İstanbul’da Anadolu yakasının en büyük hastanelerinden biri olan Haydarpaşa Numune Eğitim ve Araştırma Hastanesi’nin Fizik Tedavi Rehabilitasyon bölümünde sağlık skandalı yaşanıyor. Üstelik depreme dayanıksız olan binada yatılı fizik tedavi hastalarının bulunduğu katın duvarları, kirişlerdeki paslı demirler görülecek şekilde dökülüyor.
Taraf gazetesinden Ayfer Çalıkıran'ın haberine göre; hastanede yeterli temizlik de yapılmıyor, tuvaletlerin temizliği bölümde yatan hastalara emanet. Tuvaletlerin temizlenmediğini, bu nedenle temizliklerini kendileri yaptıklarını söyleyen hastalar sağlıklarından endişe duyuyor. Binadaki kirişlerin durumunu görüştüğümüz doktorlar ise bu bölümde deprem güçlendirilmesi yapılmadığını ve yıkılma tehlikesi ile karşı karşıya olduklarını ifade ediyor. Hastane doktorları Sağlık Bakanlığı’na konuya ilişkin defalarca şikayet dilekçesi yazmış ancak herhangi bir yanıt alamamışlar.
Yenilenmeyi bekliyor
Türk Tabipler Birliği Yönetim Kurulu üyesi ve Haydarpaşa Numune Hastanesi’nde 22 yıl çalışmış olan Doktor Hüseyin Demirdizen, hastanede yaşananları anlattı. 15 yıldır yenilenme çalışmalarının sonuçlanamadığını belirten Demirdizen şöyle konuştu; “Hastanenin Acil Servis binası ve yeni yapılan poliklinikler dışındaki alanlar yenilenmedi. Buralar deprem riski taşıyor. Hastanenin yenilenmesi açısından Sağlık Bakanlığının projeleri var. Bir kısmının ihalesi de yapıldı ama bir türlü projeler başlamadı.”
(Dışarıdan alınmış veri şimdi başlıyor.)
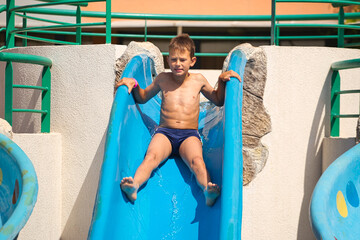 children swim in a pool with blue water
Demirdizen hastanedeki hijyen sorununa ilişkin de şunları söyledi: “Taşeron şirketlere bağlı çalıştırılan temizlik, yemek, güvenlik görevlileri çok ciddi bir performans baskısı altında çalışıyor. Burada mümkün olduğu kadar az sayıda insana çok sayıda iş yaptırmaya çalışıyorlar. Çalışma koşullarının güvensizliği, malzemelerin yetersizliği gibi pek çok durum göz ardı ediliyor.”
Sürülmekten korkuyor
Haydarpaşa’da gözle görülen bu sıkıntıların birçok devlet hastanesinde var olduğunu söyleyen Demirdizen, “Her bir hastane bağlı bulunduğu kamu hastane birliğinin CEO’su tarafından gelir durumuna, kapasitesine ve personel durumuna göre sınıflandırılmış durumda. Hastane yöneticilerinin kendi koltuklarını koruyabilmek için bu sınıfı korumaları ya da hastaneyi bir üst sınıfa geçirmeleri gerekiyor. Yöneticilerin baskısı nedeniyle hekimler bu gibi sağlık riski, hizmet riski konularını konuşamıyorlar. Konuşanlar açığa alınıyor ya da sürülüyor” dedi.